#### BRIEF:
What you give back from the listing below should be an exact copy of the lines from the one with "5372 Pamela Wood Way - Photo 32" down to the one with "如何用比特派钱包做价值投资？安全存币与长期持有的实操指南", and it should contain no pictures.

#### SUPPLIED INFORMATION:
★ ★ ★ ★ ★

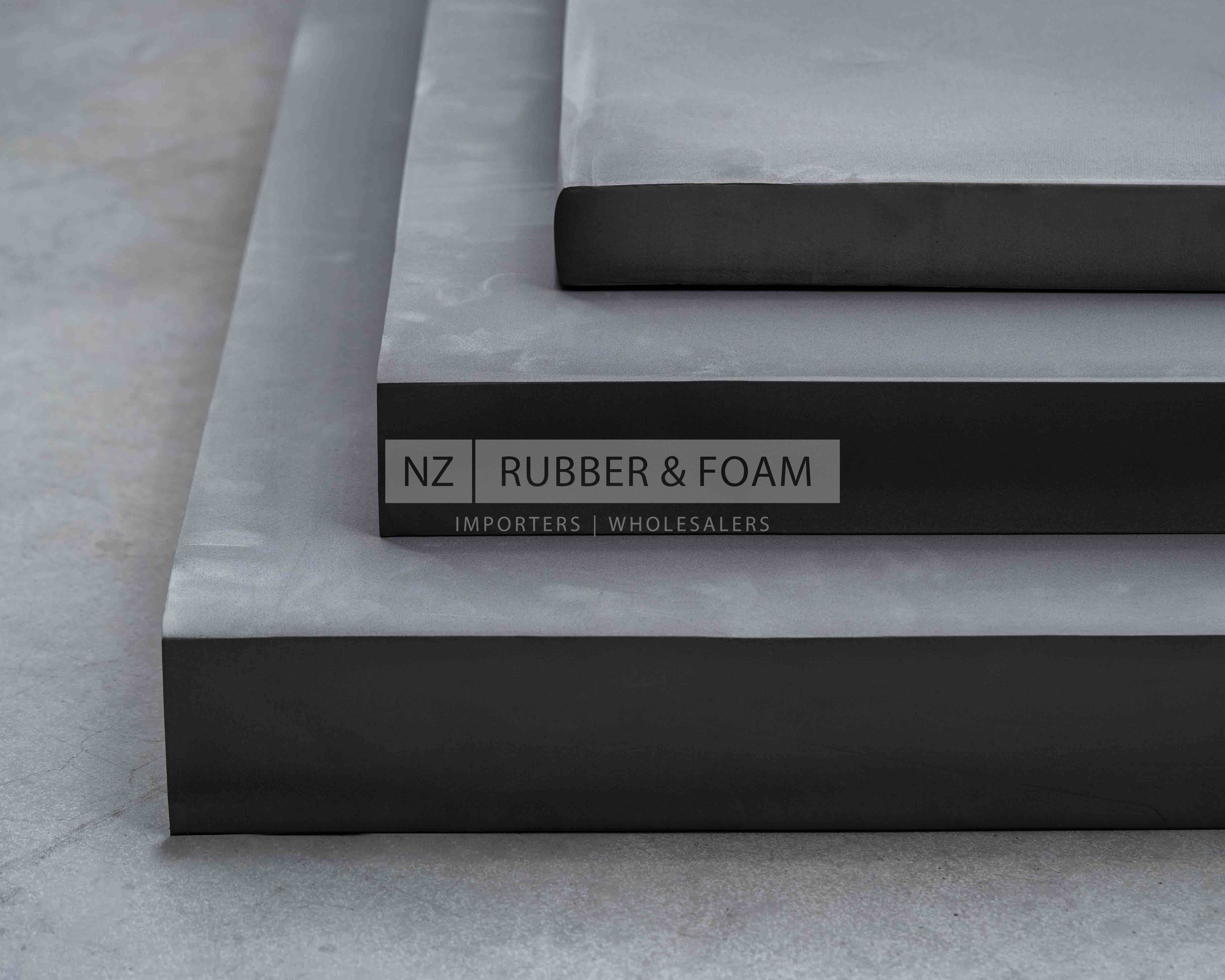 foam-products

★ ★ ★ ★ ★

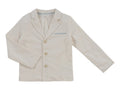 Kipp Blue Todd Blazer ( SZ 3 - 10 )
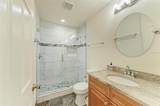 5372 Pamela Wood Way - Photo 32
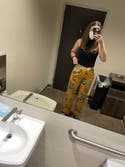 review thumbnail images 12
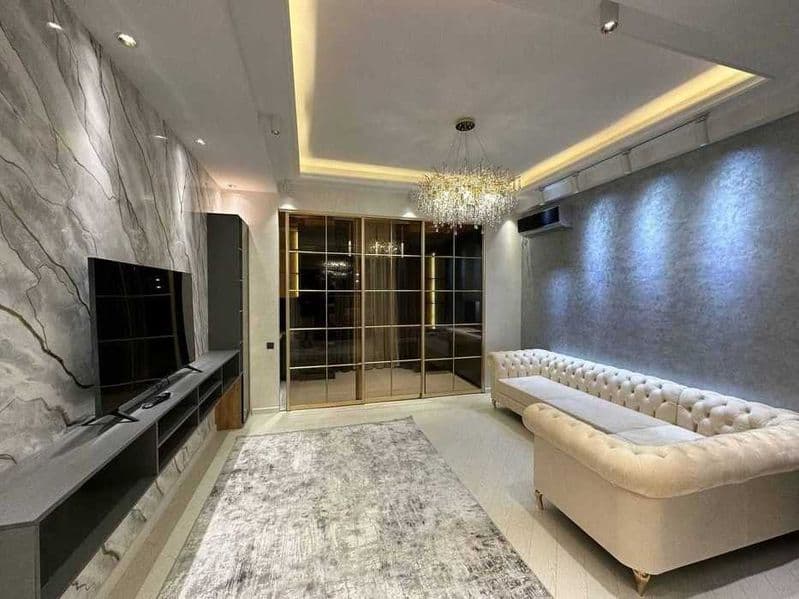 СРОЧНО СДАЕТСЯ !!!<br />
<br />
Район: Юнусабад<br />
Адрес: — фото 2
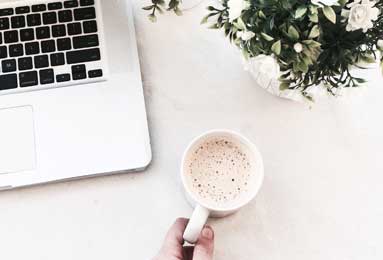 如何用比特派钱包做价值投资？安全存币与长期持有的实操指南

★ ★ ★ ★ ★

#### RESULT BELOW:
 5372 Pamela Wood Way - Photo 32
 review thumbnail images 12
 СРОЧНО СДАЕТСЯ !!!<br />
<br />
Район: Юнусабад<br />
Адрес: — фото 2
 如何用比特派钱包做价值投资？安全存币与长期持有的实操指南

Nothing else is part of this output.